◆ **Directions**
Word for word, restate the lines from the one holding "Best Insulting Pick Up Lines Practices" through the end of the data below, including both endpoints and nothing more.

START Material provided

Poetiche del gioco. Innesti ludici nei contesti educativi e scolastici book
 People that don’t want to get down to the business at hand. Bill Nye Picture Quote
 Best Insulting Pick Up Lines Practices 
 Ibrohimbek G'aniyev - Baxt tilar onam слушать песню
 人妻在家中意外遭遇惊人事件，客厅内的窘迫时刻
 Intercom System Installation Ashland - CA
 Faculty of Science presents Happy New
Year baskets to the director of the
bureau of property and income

END Material provided

◆ **Solution for this task**
 Best Insulting Pick Up Lines Practices 
 Ibrohimbek G'aniyev - Baxt tilar onam слушать песню
 人妻在家中意外遭遇惊人事件，客厅内的窘迫时刻
 Intercom System Installation Ashland - CA
 Faculty of Science presents Happy New
Year baskets to the director of the
bureau of property and income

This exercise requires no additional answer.